The introduction clearly states the study's objective, which is to systematically examine the differences between adults with high autistic traits recruited online via self-report and adults with ASD defined via in-person clinical characterization.
The introduction provides a concise overview of the study's approach, mentioning the use of dynamic social interaction tasks to compare the online and in-person samples. It also states the hypothesis.
Medium impact. This would strengthen the rationale for the study by providing context. This belongs in the introduction to set the stage for the research.
Implementation: Include a sentence or two summarizing the prevalence of ASD and the importance of accurate diagnosis and research in this area. For example: 'Given the increasing prevalence of ASD and the significant impact it has on individuals' lives, rigorous research is crucial for developing effective interventions and supports. However, the challenges of traditional, in-person research have led to a growing reliance on online data collection methods.'
Low impact. This would help readers understand the specific aspects of social interaction being investigated. This belongs in the introduction to provide a more complete picture of the research focus.

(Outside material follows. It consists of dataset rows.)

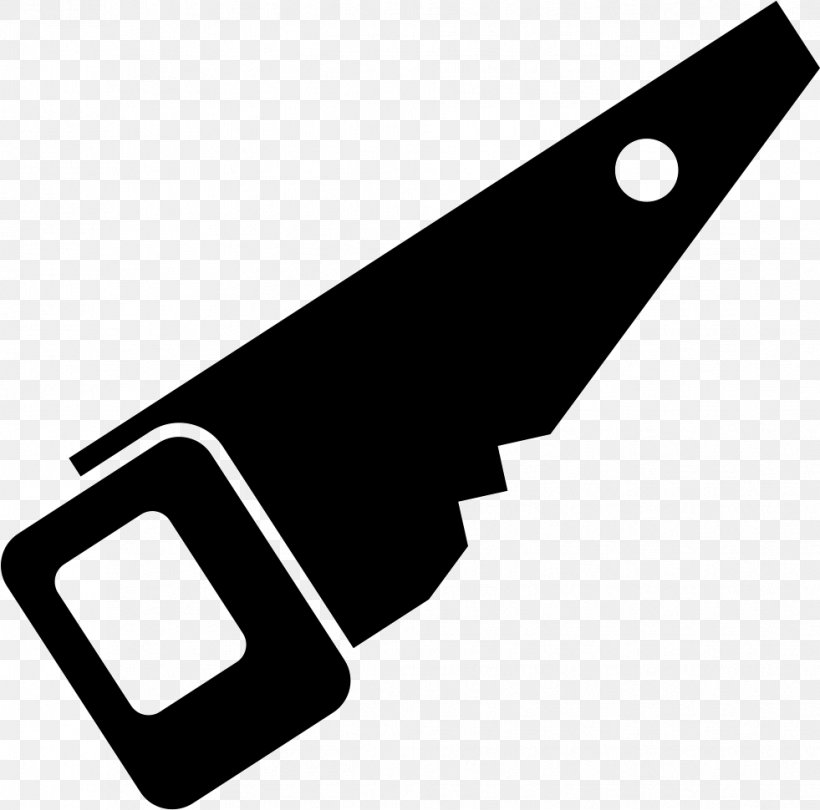 USB Flash Drives, PNG, 981x970px, Usb Flash Drives, Black, Black And White, Computer, Computer Data Storage Download Free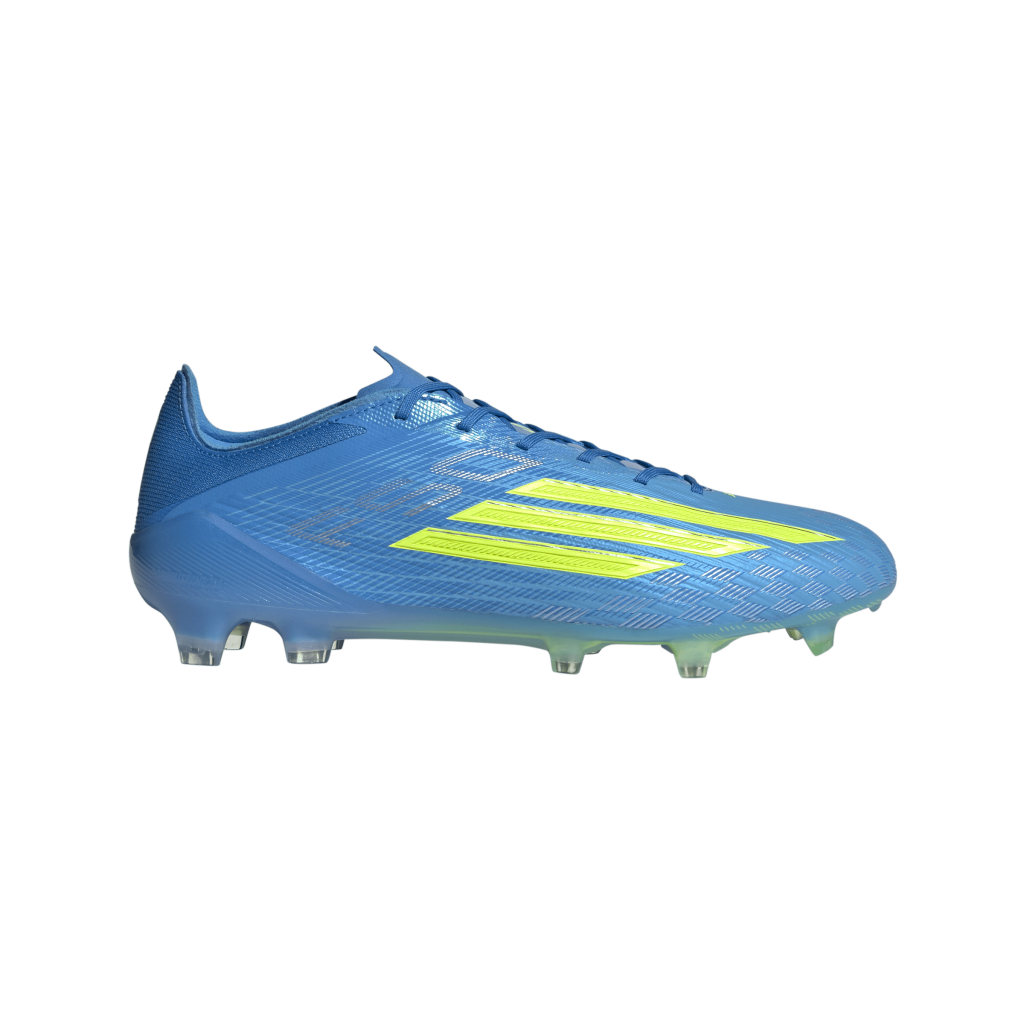 JR6450_1_FOOTWEAR_Photography_SideLateralCenterView_transparent.png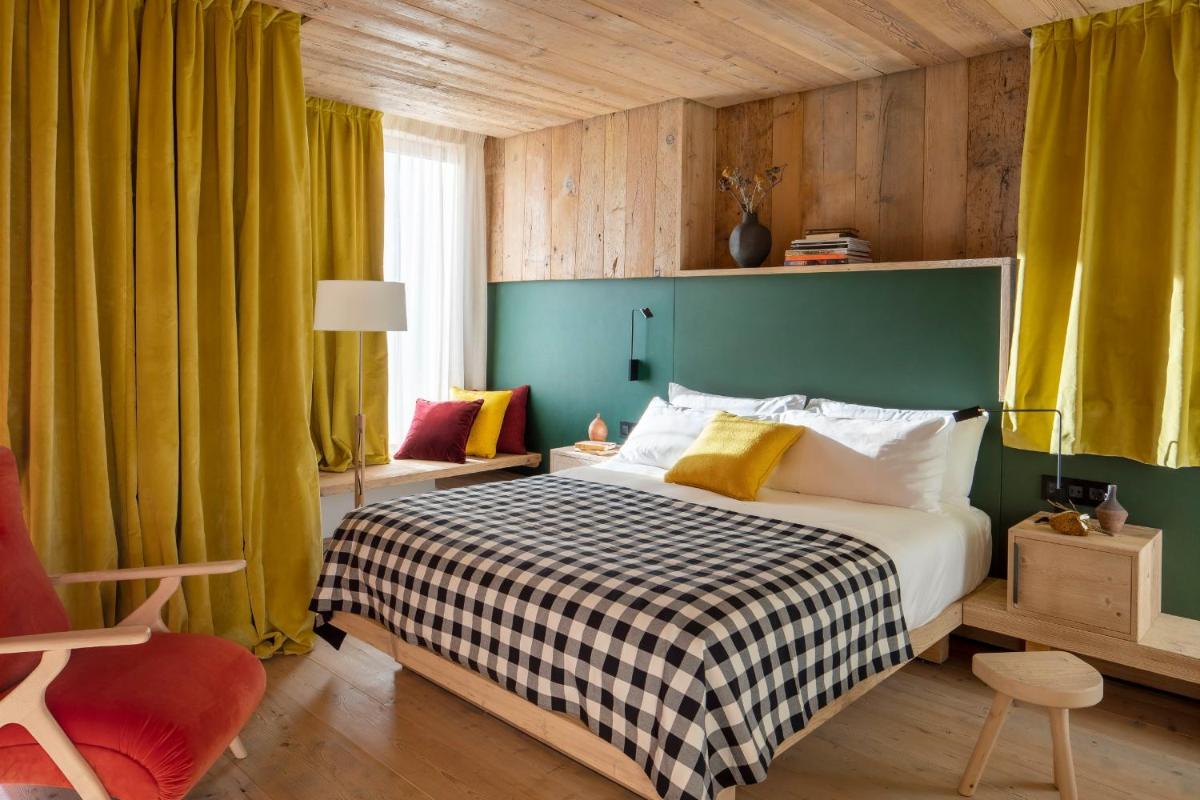 HOTEL de LEN - Housity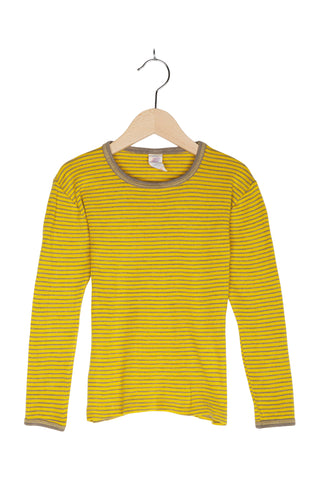 Longsleeve Funktion für Kinder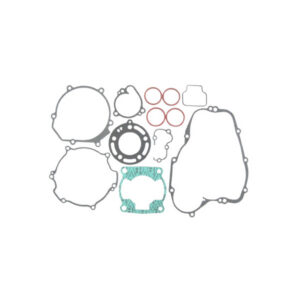 CGS4079-Complete Gasket Set-Kawasaki KX85 '01-'06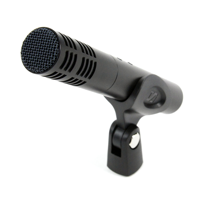 Sennheiser E 914 condensator instrumentmicrofoon - thumbnail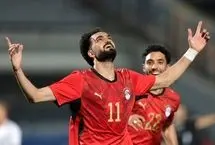 خط و نشان مصری‌ها برای ایران بدون محمد صلاح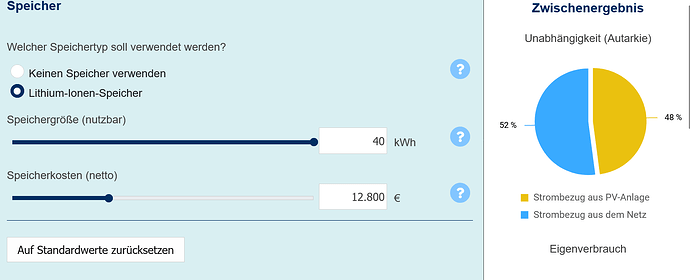 Screenshot 2026-03-05 at 09-57-48 Ertragsrechner
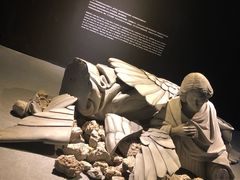 -第九届妖漫动漫游戏展曁七夕情人祭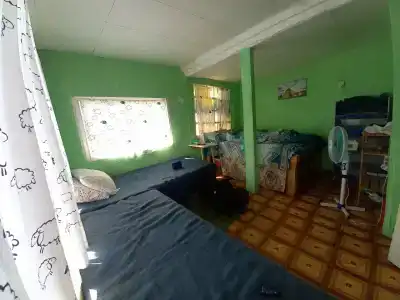 Сказкин Луг - 3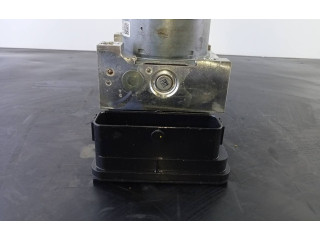 Jednotka ABS A2534310200, A2539011400   Mercedes-Benz C W205 2017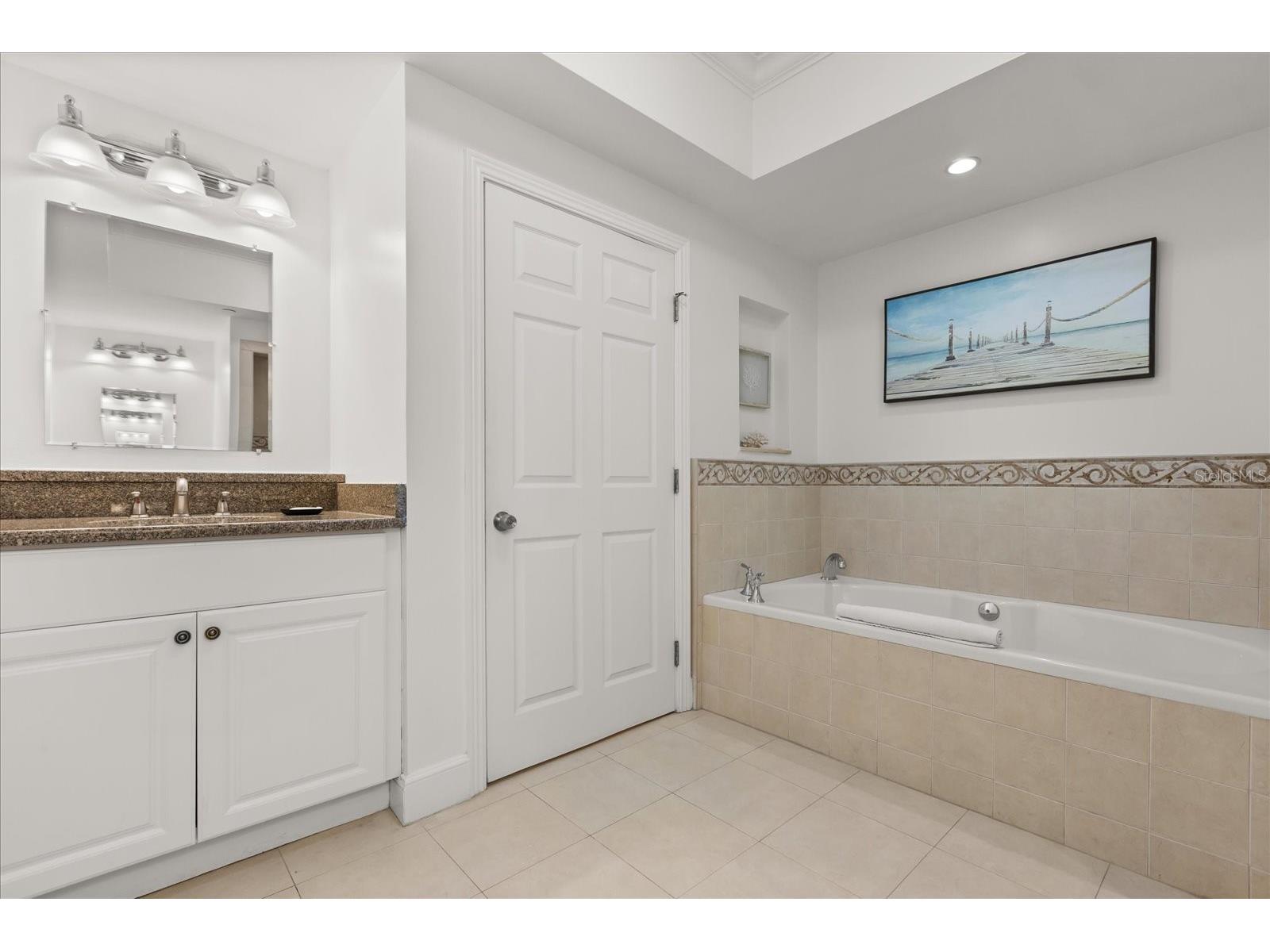 7593 Gathering Drive #209 Reunion FL 34747 O6380965 image21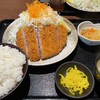 なかうらわ食堂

Implementation: Expand slightly on the description of the dynamic social interaction tasks, providing a brief, non-technical explanation of what they involve. For example: 'These tasks involved simulated social scenarios where participants made decisions that influenced their relationships with virtual characters, allowing us to assess their social navigation and influence strategies.'
High Impact. This would enhance the flow of the introduction. It is important to establish this connection early in the paper.
Implementation: Add transition sentence. For example: 'To address the limitations of online self-report in ASD research, this study directly compares...'
The Results section clearly presents the demographic and trait characteristics of the three groups (ASD, high-trait, and low-trait), demonstrating the expected differences in self-reported autistic traits (BAPQ scores) based on the group definitions. It also effectively uses Table 1 to summarize demographic information.
The section effectively presents the findings on social anxiety and avoidant personality disorder (AVPD) symptoms, highlighting the differences between the groups and demonstrating that the high-trait group reported higher levels of these symptoms compared to both the low-trait and ASD groups.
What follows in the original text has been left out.